This is the mail archive of the guile@cygnus.com mailing list for the guile project.


Index Nav: [Date Index] [Subject Index] [Author Index] [Thread Index]
Message Nav: [Date Prev] [Date Next] [Thread Prev] [Thread Next]

Re: Japanese and Unicode


> There are a lot of languages which are not yet
> representable.  Among them are several Asian languages which might
> again occupy a lot of room (I don't know this for sure).

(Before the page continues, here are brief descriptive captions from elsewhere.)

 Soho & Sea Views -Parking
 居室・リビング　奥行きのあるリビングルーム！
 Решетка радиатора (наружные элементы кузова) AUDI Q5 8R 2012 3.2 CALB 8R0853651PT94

Almost half of the "General Scripts" area is still unassigned,
so there is quite a bit of room for (non-ideographic) scripts
(at least 3000 characters).

> Well, applications certainly could handle this.  But you must see that
> if surrogates are possible in the "wide strings" these are not anymore
> wide strings and all the string handling functions must be changed to
> handle surrogates.

Not necessarily.  String handling functions can treat surrogates as
regular uninterpreted characters, just the way they treat accents
as uninterpreted characters.

I.e. I'm proposing that string handling routines should not treat
either surrogates or accents specially, but treat them as plain
characters.  This includes the standard string-handling functions
of Scheme, Lisp, Java, and C/C++.  Instead, they should leave the
job to higher-level software, which may need to handle ligatures,
accents, language, hyphenation, surrogates, font substitution, etc, etc.
(Also software that translates from Unicode to some other encoding
cannot in general look at individual characters in isolation.
They too may have to consider multiple Unicode characters as a unit.)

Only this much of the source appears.